Brief
Any pictures in the records below must be left out when you repeat the lines from the line containing "Vakantie Hermansheuvel, hotell i Bekkevoort" through the line containing "38 Lovell Crescent, Brantford, ON" exactly.

Records for the exercise
============

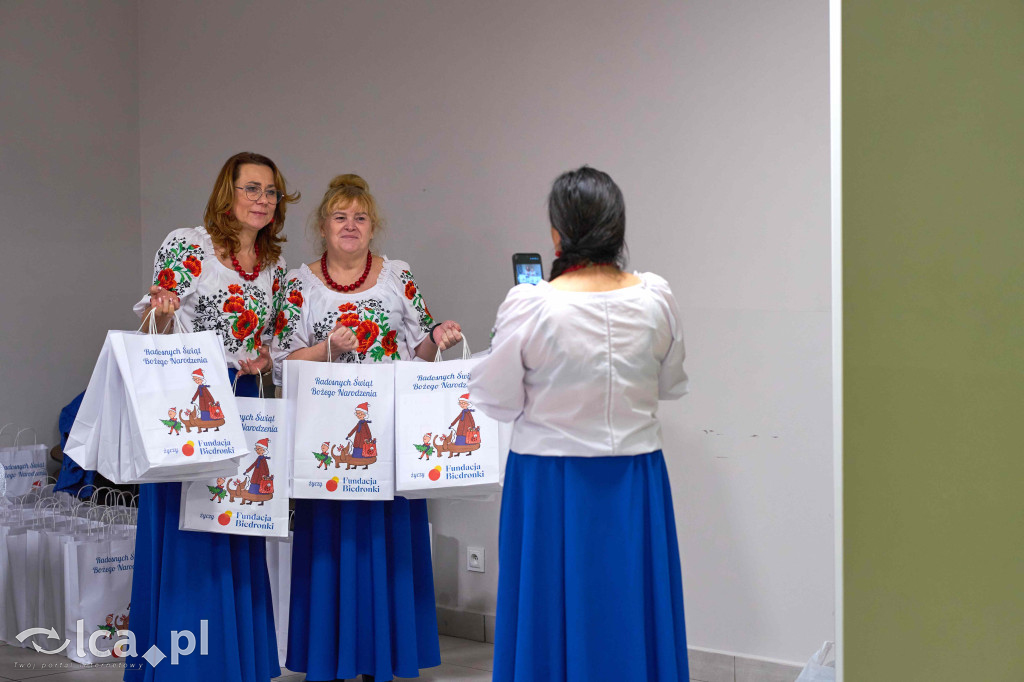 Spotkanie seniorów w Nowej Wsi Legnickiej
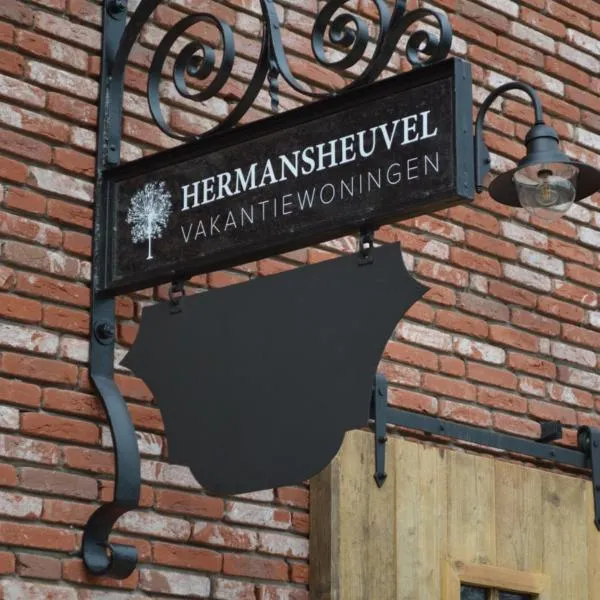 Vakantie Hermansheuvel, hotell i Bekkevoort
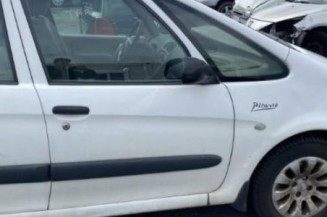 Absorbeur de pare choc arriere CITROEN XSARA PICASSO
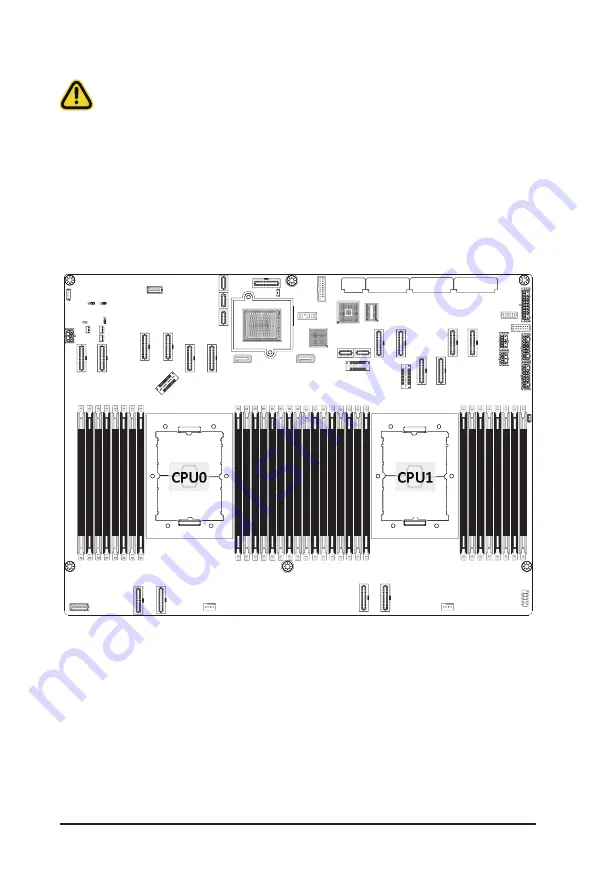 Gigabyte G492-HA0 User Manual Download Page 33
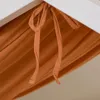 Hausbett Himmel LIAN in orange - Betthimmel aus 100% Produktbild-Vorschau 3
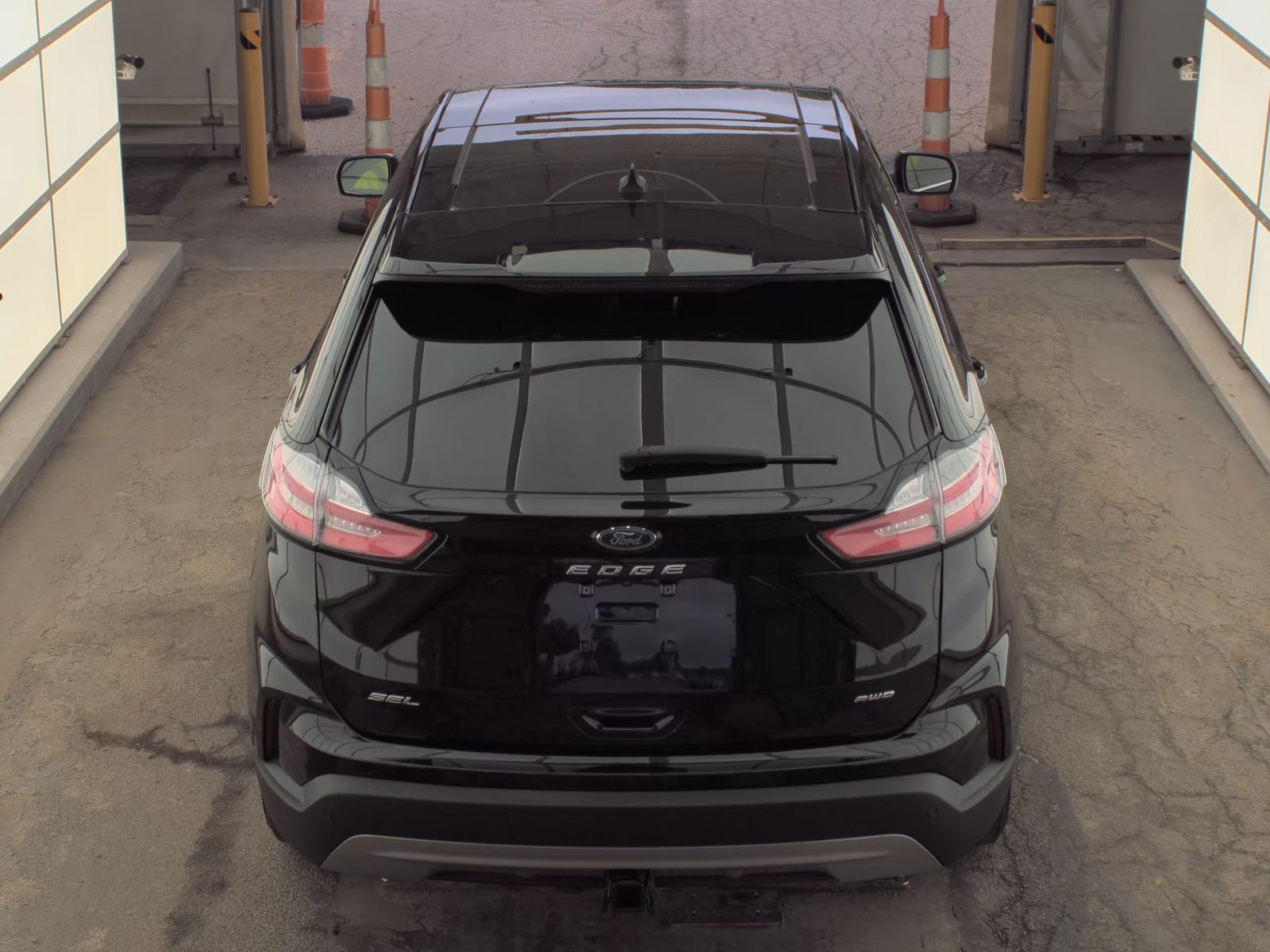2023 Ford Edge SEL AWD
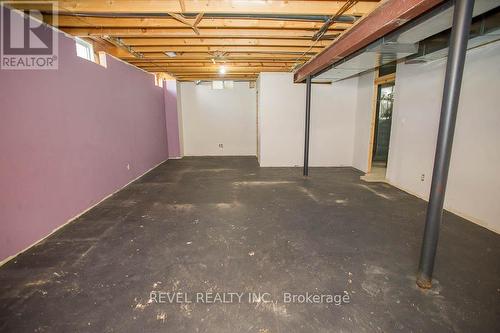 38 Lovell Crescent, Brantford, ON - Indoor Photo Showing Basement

============

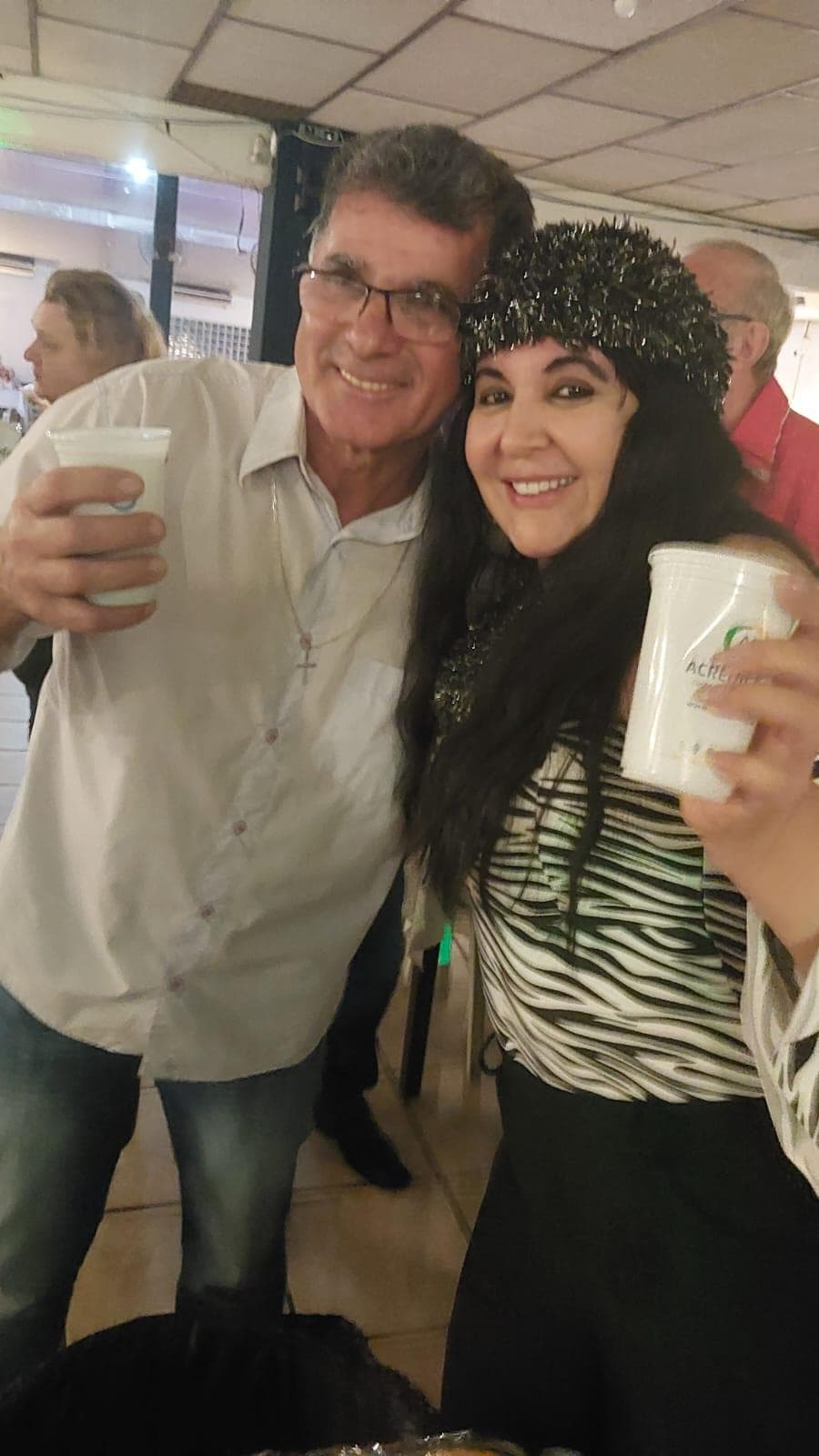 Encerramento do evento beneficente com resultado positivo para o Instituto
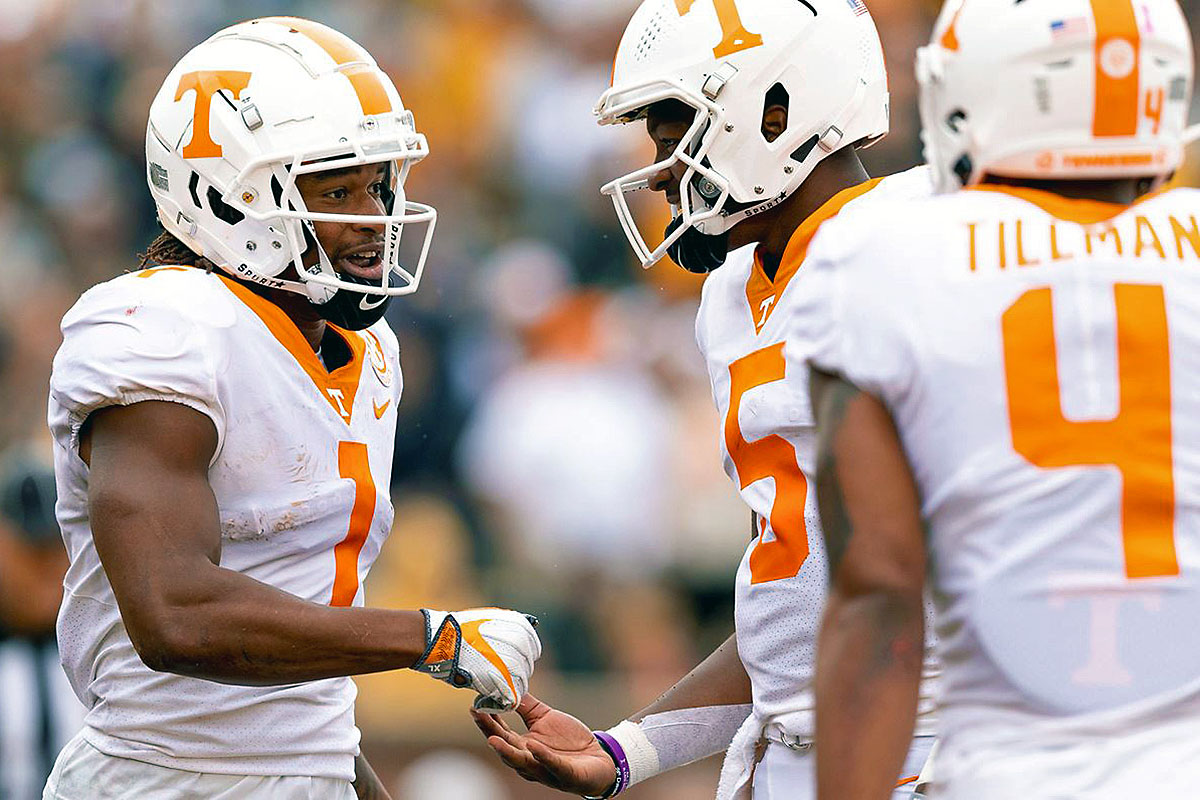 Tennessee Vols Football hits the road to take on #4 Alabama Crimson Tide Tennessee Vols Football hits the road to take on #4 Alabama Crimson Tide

============

Your solution
 Vakantie Hermansheuvel, hotell i Bekkevoort
 Absorbeur de pare choc arriere CITROEN XSARA PICASSO
 Gigabyte G492-HA0 User Manual Download Page 33
 Hausbett Himmel LIAN in orange - Betthimmel aus 100% Produktbild-Vorschau 3
2023 Ford Edge SEL AWD
 38 Lovell Crescent, Brantford, ON - Indoor Photo Showing Basement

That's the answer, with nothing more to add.